Binhex 4.0 Converter

Posted on  by 

BinHex is an encoding system used in converting binary data to text, used by the Macintosh OS to send binary files through email. Conversion of binary data into ASCII characters is done to easily transfer the files from one platform to another, as almost all the computers can handle ASCII text files. BinHex was originally the idea of Tim Mann. BinHex 4.0 Encoded File. Did your computer fail to open a hqx file? We explain what hqx files are and recommend software that we know can open or convert your hqx files. Did you enjoy using our free file extension finder service? Please help us continue to make this service free by leaving us a good review at TrustPilot.

  • FUNCTIONS
  • OO INTERFACE
  • SUBMODULES
  • UNDER THE HOOD

Convert::BinHex - extract data from Macintosh BinHex files

ALPHA WARNING: this code is currently in its Alpha release. Things may change drastically until the interface is hammered out: if you have suggestions or objections, please speak up now!

Simple functions:

Hex to bin, low-level interface. Conversion is actually done via an object ('Convert::BinHex::Hex2Bin') which keeps internal conversion state:

Hex to bin, OO interface. The following operations must be done in the order shown!
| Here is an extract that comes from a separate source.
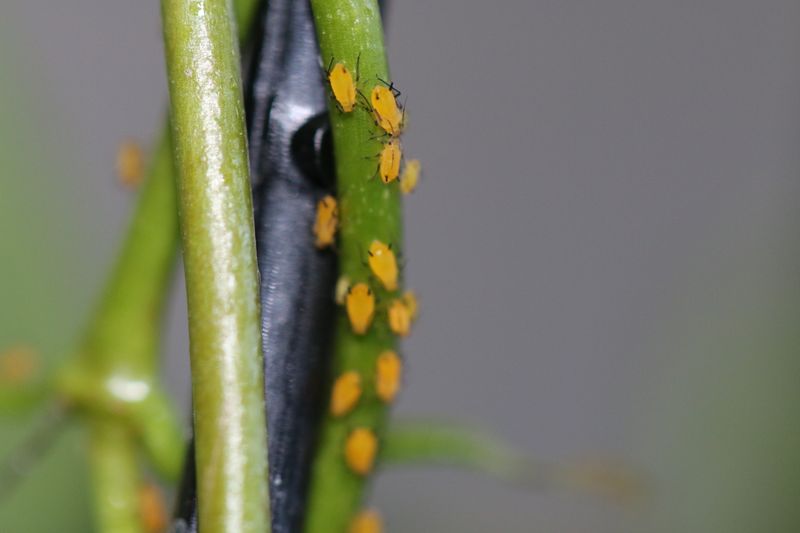 Check Leaves And Stems For Pests Before The Move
Bin to hex, low-level interface. Conversion is actually done via an object ('Convert::BinHex::Bin2Hex') which keeps internal conversion state:

Bin to hex, file interface. Yes, you can convert to BinHex as well as from it!

PLANNED!!!! Bin to hex, 'CAP' interface.Thanks to Ken Lunde for suggesting this.

BinHex is a format used by Macintosh for transporting Mac files safely through electronic mail, as short-lined, 7-bit, semi-compressed data streams. Ths module provides a means of converting those data streams back into into binary data.

(Some text taken from RFC-1741.) Files on the Macintosh consist of two parts, called forks:

Data fork

The actual data included in the file. The Data fork is typically the only meaningful part of a Macintosh file on a non-Macintosh computer system. For example, if a Macintosh user wants to send a file of data to a user on an IBM-PC, she would only send the Data fork.

Resource fork

Contains a collection of arbitrary attribute/value pairs, including program segments, icon bitmaps, and parametric values.

Additional information regarding Macintosh files is stored by the Finder in a hidden file, called the 'Desktop Database'.

Because of the complications in storing different parts of a Macintosh file in a non-Macintosh filesystem that only handles consecutive data in one part, it is common to convert the Macintosh file into some other format before transferring it over the network. The BinHex format squashes that data into transmittable ASCII as follows:

  1. The file is output as a byte stream consisting of some basic header information (filename, type, creator), then the data fork, then the resource fork.

  2. The byte stream is compressed by looking for series of duplicated bytes and representing them using a special binary escape sequence (of course, any occurences of the escape character must also be escaped).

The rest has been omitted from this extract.